($a$ real number) So if $\frac{1}{4}<a<\frac{1}{3}$ prove that $\frac{10}9<R(a)<\frac{11}{6}$
where R(x)=$(2x-1)(x+1)(x-3)=2x^3-5x^2-4x+3$
So my idea was to do the same operations in $R(x)$ to $a$, I mean:
$$...<2a^3<...\\ ...<-5a^2<... \\ ...<-4x<... \\ ...<3<...$$ then I combine all of them. But this method takes lot of paper and a lot of time and I'm not sure if I will get a precise result. So is there a more efficient way to do it. Thank you in advance
On
$R(x)$ can be differentiated to yield the slope which is $R'(x) = 6x^2- 10x -4$. Notice that $x=2$ is a root of this quadratic. Let $R'(x)=k(x-a)(x-b)$ It is easy to see that $kab=-4$ where $k=6$, thus the other root is $\frac{-4}{ka}=\frac{-1}{3}$. Thus the derivative is negative between $x=-\frac{1}{3}$ and $x=2$. Thus the function is monotonically decreasing. You only need to plug in the values of $\frac{1}{4}$ and $\frac{1}{3}$ to find the upper and lower bounds respectively. Hope that helps. Have a graph of the function to help visualize.

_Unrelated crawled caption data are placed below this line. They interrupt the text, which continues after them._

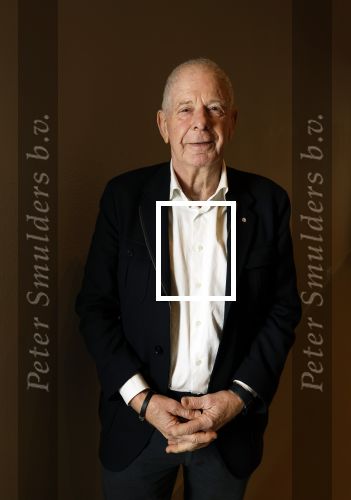 Amsterdam 10 januari 2024
Bekendmaking held van het jaar 2023 van magazine Helden bij Gassan Diamonds. Frits Barend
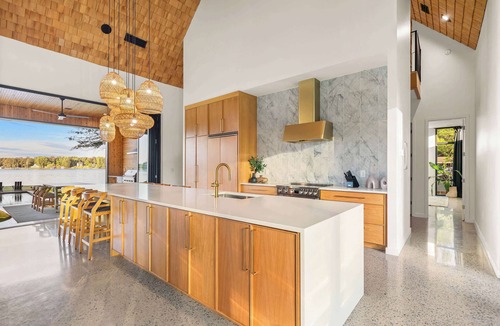 Eatonton House | Dazzling Design Meets Spectacular Views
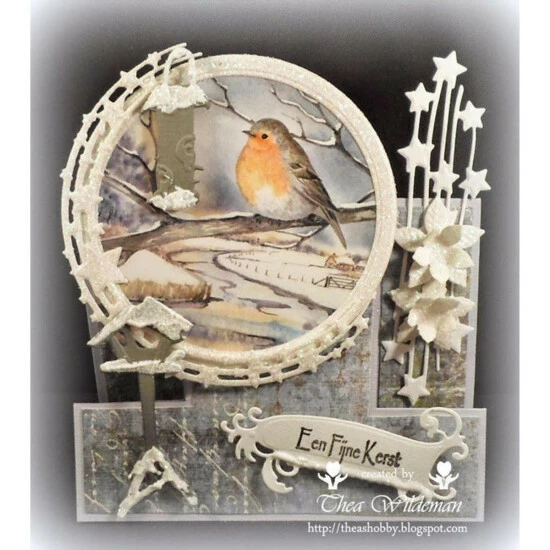 Marianne Design Craftables Dies - Tiny's Birdhouse - Image 3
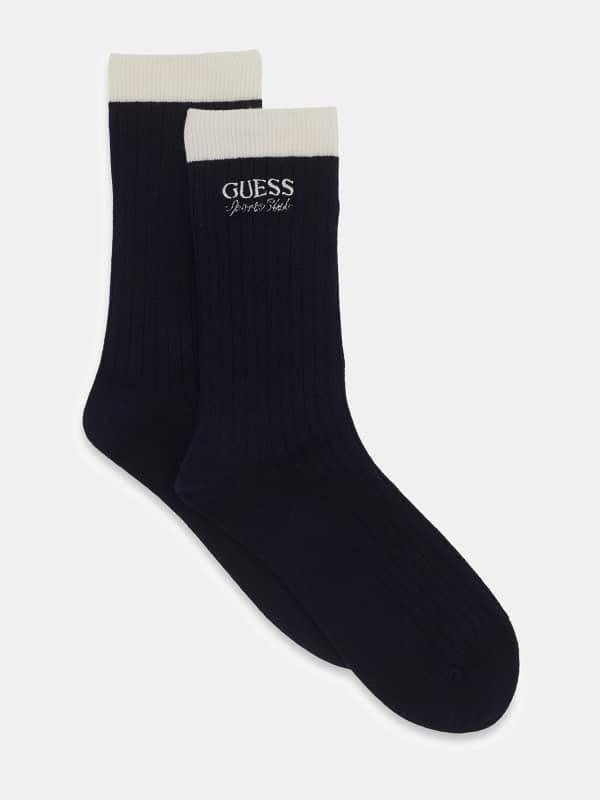  Guess Calcetines Con Logo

Here's an alternate way to get the root, we'll call the derivative $g(x)$
$g(x) = 6x^2 - 10x - 4$
$g(x) = 6x^2 - 12 x + 2x - 4$
$g(x) = 6x(x-2) + 2(x-2)$
$g(x) = (x-2)(6x+2)$
Putting $g(x)=0$,
$(x-2) = 0 $ OR $(6x+2)=0$ [Either one of the factors must be zero]
$x=2$ OR $x=-\frac{1}{3}$
Hint:
If $p>0$ then from $\frac{1}{4}<a<\frac{1}{3}$ it follows directly that $\frac{p}{4}+q<pa+q<\frac{p}{3}+q$. You could apply that on the factors $2a-1$, $a+1$ and $a-3$. Based on these restrictions conclusions are possible (I hope, and didn't check that) for the product.